80 MW batteries to power Victoria
The Victorian Government has announced plans to build two large-scale batteries as part of its energy storage initiative.
The two batteries will collectively provide 55 MW of energy and 80 MWh of storage capacity. The projects are being delivered by private consortia Edify Energy and Spotless Sustainability Services, with $25 million from the Labor government and matched funding from the Australian Renewable Energy Agency.
The Tesla 25 MW/50 MWh battery will be integrated with the Gannawarra Solar Farm — south-west of Kerang — and will store renewable energy produced on-site. The integrated battery and solar farm will be capable of operating at full capacity for two hours or providing power to at least 800 households for 24 hours.
The second battery is a 30 MW/30 MWh system connected directly to a vital grid intersection at a substation at Warrenheip. Located at the existing Ballarat terminal substation, it will not only capture excess energy generated from renewable sources in the region and ease transmission congestion, but also reduce the need to expand the substation. During times of peak demand, it can power 20,000 households for one hour.

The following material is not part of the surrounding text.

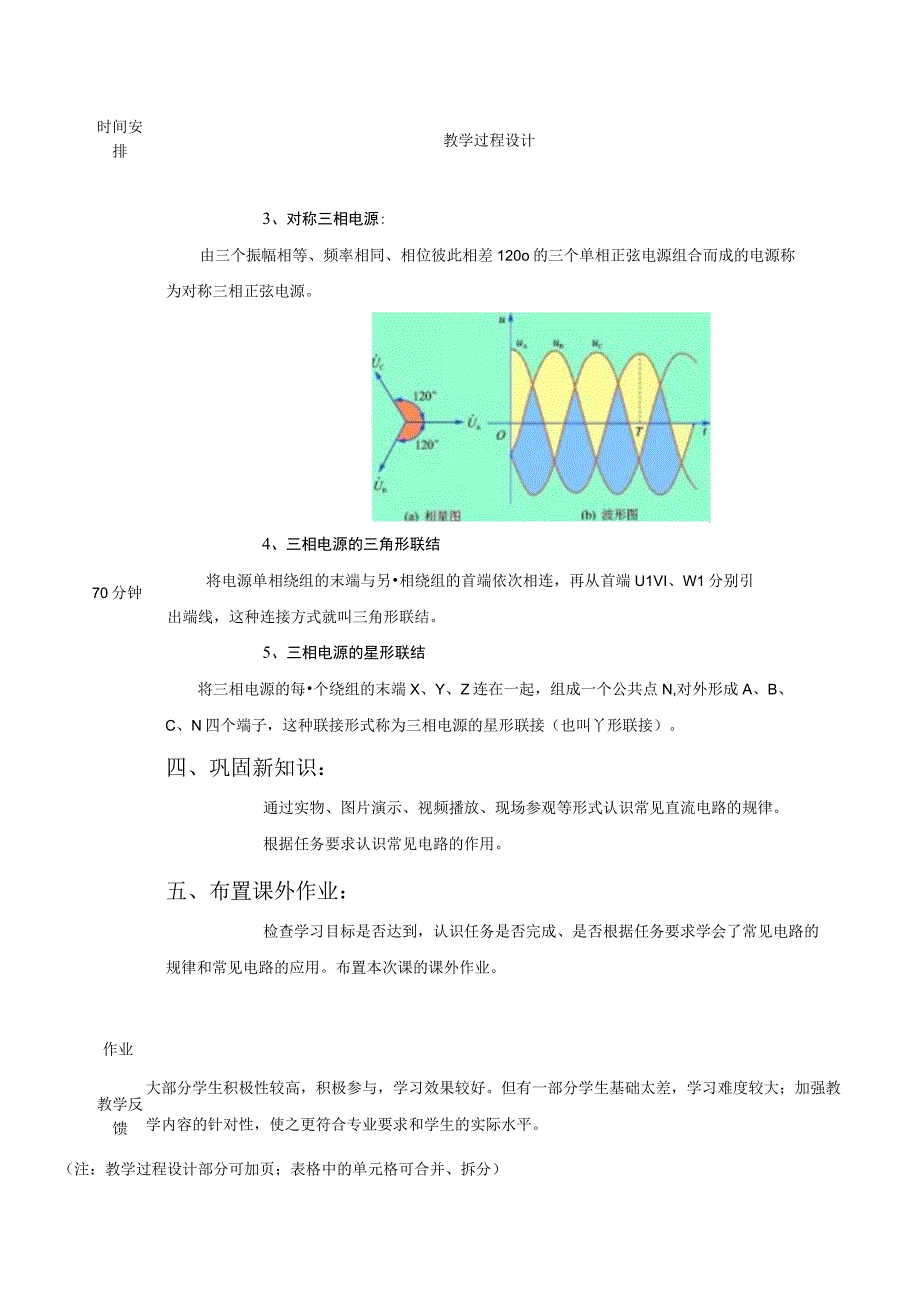 高教社2023宋涛17 《电工基础》教学方案 三相电路的分析与应用 三相电源.docx_第3页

This will be able to deliver crucial power supply, frequency control and related back-up services in milliseconds to maintain stability in the network for Western Victoria.
Construction has already begun, with both projects expected to be operational in time for next summer’s peak.

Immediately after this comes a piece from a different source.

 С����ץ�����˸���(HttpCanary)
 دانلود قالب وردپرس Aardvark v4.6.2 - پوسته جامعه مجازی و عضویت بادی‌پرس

These two large-scale, grid-connected batteries will not only allow currently unused renewable energy to be stored instead of wasted, but also inject electricity into the grid at times of peak demand in an area known for transmission congestion, said Minister for the Environment and Energy Josh Frydenberg.
“We are continuing to modernise our electricity grid, strengthen our energy security and deliver real action on climate change,” said Minister for Energy, Environment and Climate Change Lily D’Ambrosio.